**SUPPLIED MATERIAL:**
/---

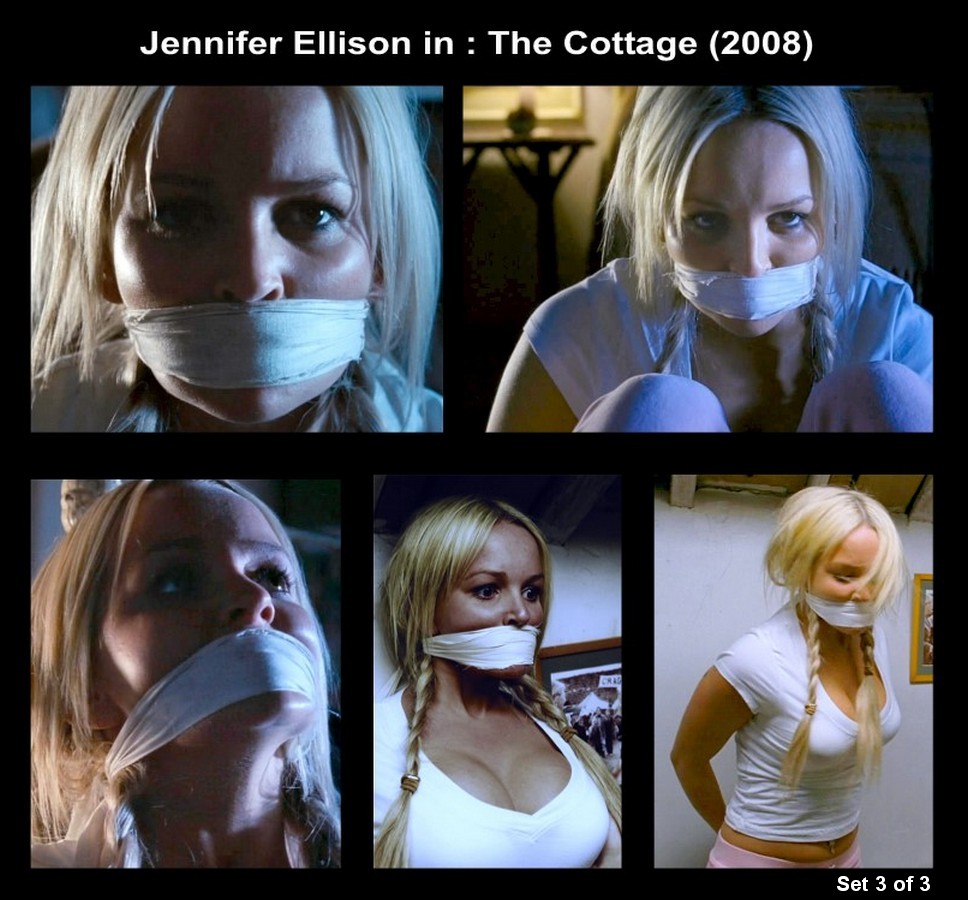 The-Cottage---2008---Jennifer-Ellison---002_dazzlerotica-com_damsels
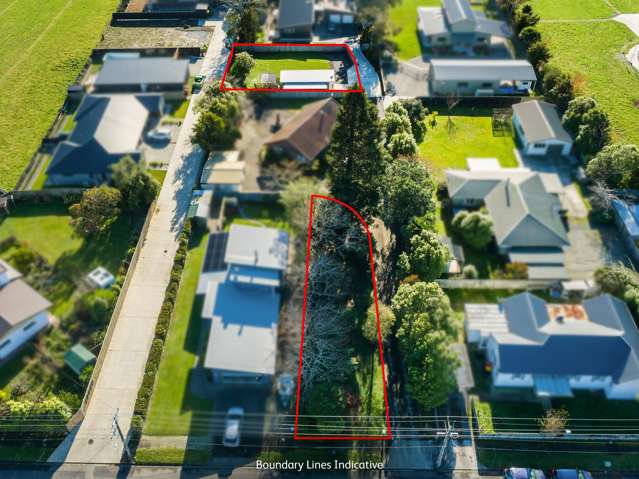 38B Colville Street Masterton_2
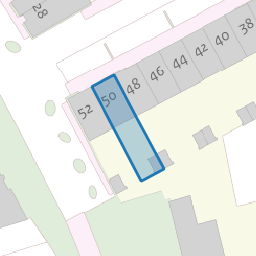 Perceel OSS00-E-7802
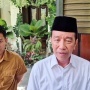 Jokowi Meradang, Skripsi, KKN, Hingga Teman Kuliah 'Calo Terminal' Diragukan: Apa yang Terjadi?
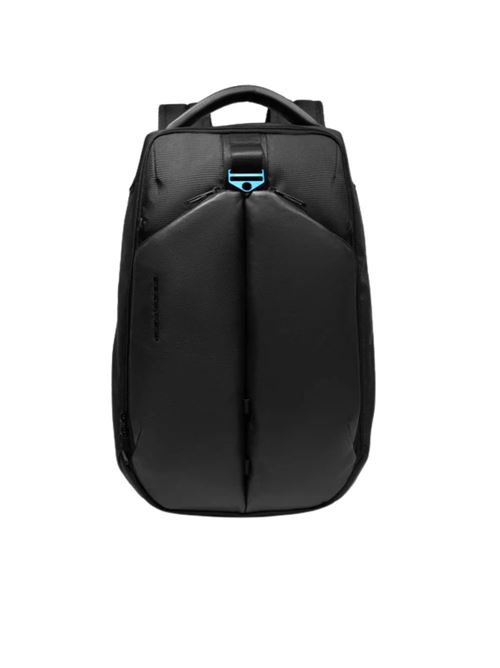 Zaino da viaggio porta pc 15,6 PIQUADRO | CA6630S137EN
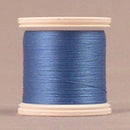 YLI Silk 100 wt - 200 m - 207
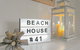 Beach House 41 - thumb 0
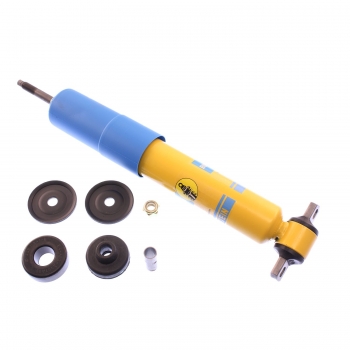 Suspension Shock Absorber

\---
/---

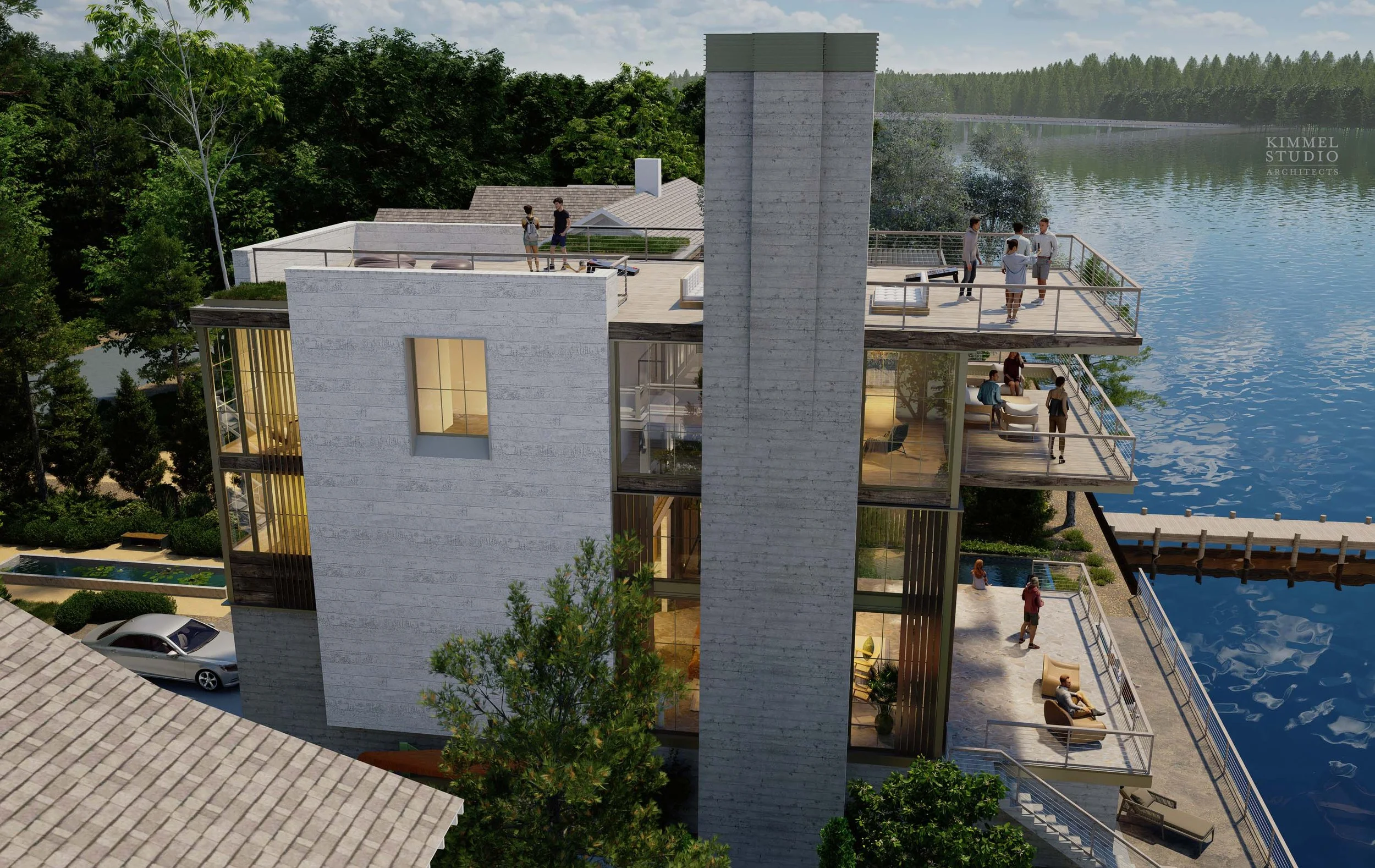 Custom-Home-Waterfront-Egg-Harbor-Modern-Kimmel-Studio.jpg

\---

**TASK DESCRIPTION:** Using the listing above, reproduce word for word every line from the one containing "Perceel OSS00-E-7802" through the one containing "Suspension Shock Absorber". Pictures must be left out.

**SOLUTION TO THE EXERCISE:**
 Perceel OSS00-E-7802
 Jokowi Meradang, Skripsi, KKN, Hingga Teman Kuliah 'Calo Terminal' Diragukan: Apa yang Terjadi?
 Zaino da viaggio porta pc 15,6 PIQUADRO | CA6630S137EN
 YLI Silk 100 wt - 200 m - 207
 Beach House 41 - thumb 0
 Suspension Shock Absorber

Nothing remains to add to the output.